START Provided data
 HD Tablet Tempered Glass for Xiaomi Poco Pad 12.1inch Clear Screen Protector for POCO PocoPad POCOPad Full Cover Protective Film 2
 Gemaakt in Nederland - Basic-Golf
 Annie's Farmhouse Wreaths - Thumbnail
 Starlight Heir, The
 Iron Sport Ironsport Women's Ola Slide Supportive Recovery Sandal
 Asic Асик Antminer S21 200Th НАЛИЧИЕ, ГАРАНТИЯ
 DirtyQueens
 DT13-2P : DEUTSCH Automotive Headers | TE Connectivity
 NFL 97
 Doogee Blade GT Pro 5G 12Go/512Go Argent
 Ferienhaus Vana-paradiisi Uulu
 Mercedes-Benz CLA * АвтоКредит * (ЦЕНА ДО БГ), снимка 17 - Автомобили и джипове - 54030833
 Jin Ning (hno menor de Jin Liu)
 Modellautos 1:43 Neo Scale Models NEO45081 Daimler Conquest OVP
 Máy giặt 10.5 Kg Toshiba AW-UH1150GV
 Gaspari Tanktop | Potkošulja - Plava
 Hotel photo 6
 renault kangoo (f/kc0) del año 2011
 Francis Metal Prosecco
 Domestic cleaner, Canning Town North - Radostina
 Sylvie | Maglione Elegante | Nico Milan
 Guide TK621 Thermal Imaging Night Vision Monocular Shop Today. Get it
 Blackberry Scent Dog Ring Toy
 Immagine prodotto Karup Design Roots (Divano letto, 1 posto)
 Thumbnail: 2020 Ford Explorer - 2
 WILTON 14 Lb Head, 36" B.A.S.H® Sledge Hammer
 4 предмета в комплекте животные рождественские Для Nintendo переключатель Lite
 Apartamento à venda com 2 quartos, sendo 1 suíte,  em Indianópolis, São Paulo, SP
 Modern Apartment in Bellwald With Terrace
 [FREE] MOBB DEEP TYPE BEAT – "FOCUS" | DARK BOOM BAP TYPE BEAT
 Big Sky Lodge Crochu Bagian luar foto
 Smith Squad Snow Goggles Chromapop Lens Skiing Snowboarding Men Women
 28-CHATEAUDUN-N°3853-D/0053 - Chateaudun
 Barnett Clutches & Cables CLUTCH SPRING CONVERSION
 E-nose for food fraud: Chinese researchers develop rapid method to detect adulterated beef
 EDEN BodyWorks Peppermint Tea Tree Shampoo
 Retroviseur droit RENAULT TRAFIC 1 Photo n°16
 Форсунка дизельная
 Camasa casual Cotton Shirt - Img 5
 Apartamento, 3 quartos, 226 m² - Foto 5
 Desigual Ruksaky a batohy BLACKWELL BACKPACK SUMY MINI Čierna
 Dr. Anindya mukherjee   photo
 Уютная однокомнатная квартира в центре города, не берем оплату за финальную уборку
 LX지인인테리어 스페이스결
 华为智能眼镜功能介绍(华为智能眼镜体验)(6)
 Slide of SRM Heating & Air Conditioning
END Provided data
Note each line of the entries that has "Slide" in it, and copy those lines.

◆ **Output of the task**:
 Iron Sport Ironsport Women's Ola Slide Supportive Recovery Sandal
 Slide of SRM Heating & Air Conditioning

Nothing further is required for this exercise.